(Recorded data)
━━━━━━━━━━━━━━━━━━━━
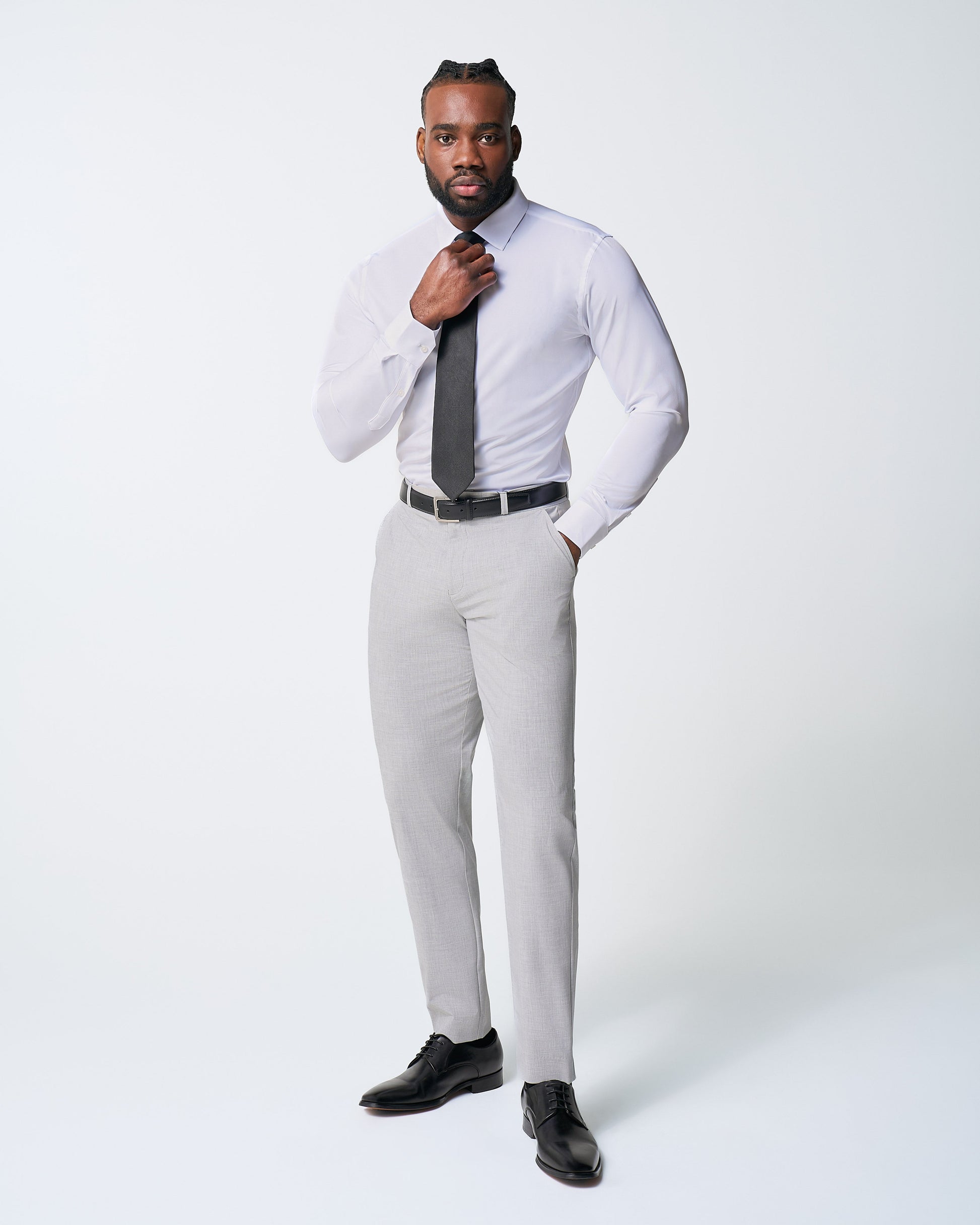 Athletic Fit Stretch Suit - Lightweight Heathered Light Grey | State & Liberty Suits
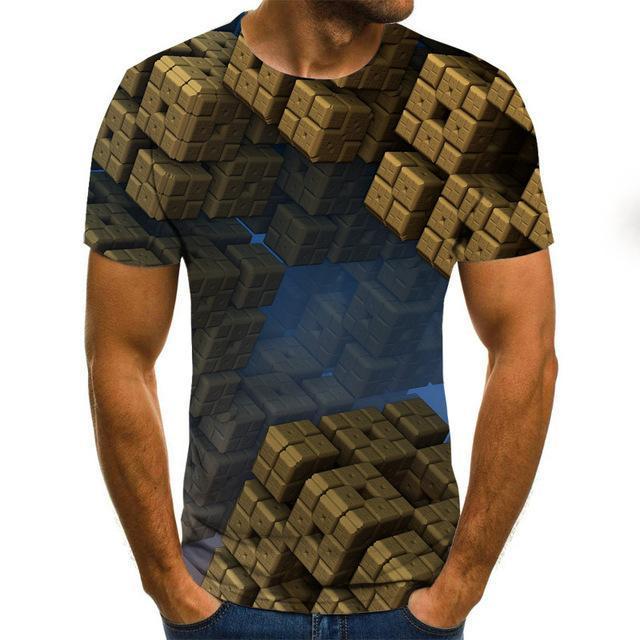 Three -Dimensional Vortex Men Tshirt 3d Printed Summer O -Neck Daily Casual Funny T Shirt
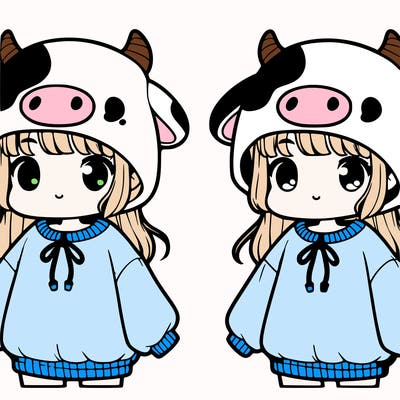 cute girl with a oversized cow sweatshirt and a cow hat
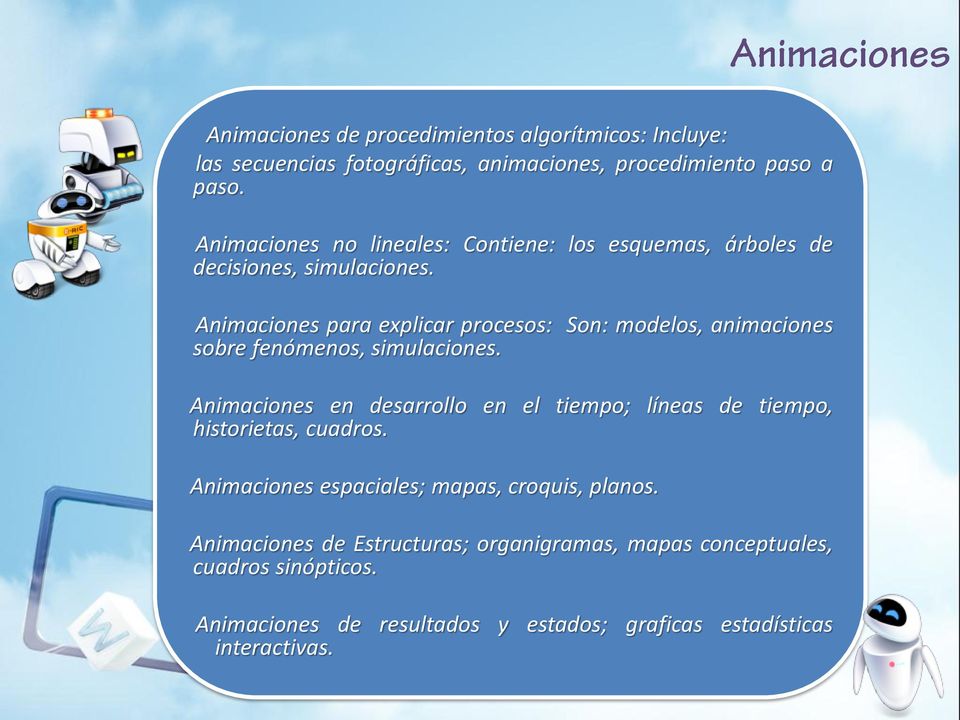 Animaciones para explicar procesos: Son: modelos, animaciones sobre fenómenos, simulaciones.
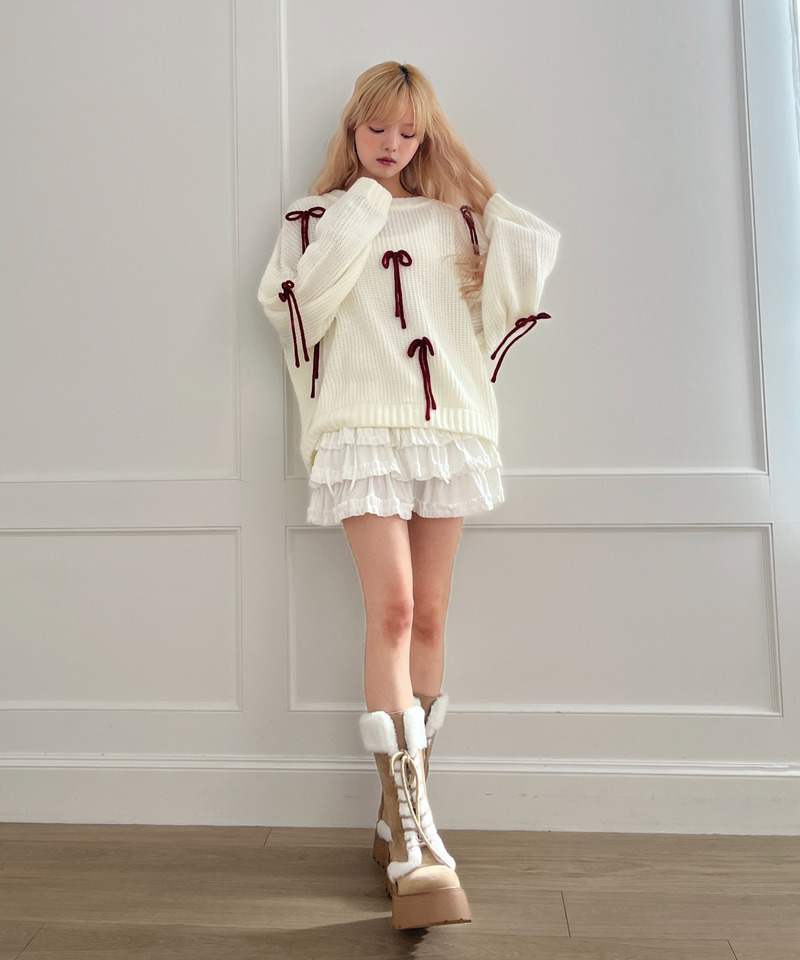 Lovely Ribbon Knit 詳細画像 オフホワイト 20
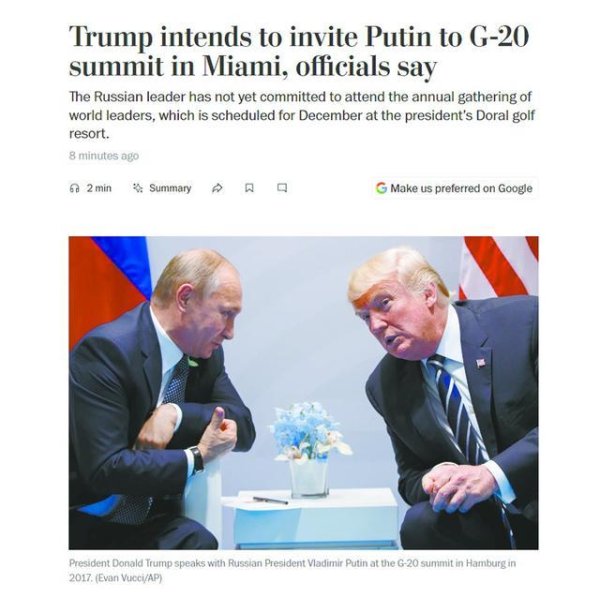 股票配资讯 美媒：白宫拟邀普京出席G20峰会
━━━━━━━━━━━━━━━━━━━━
▶ Required action
Here the lines from the one with "cute girl with" through the last line of the data above need to be repeated exactly, both included, and any picture omitted.

▶ Task answer
 cute girl with a oversized cow sweatshirt and a cow hat
 Animaciones para explicar procesos: Son: modelos, animaciones sobre fenómenos, simulaciones.
 Lovely Ribbon Knit 詳細画像 オフホワイト 20
 股票配资讯 美媒：白宫拟邀普京出席G20峰会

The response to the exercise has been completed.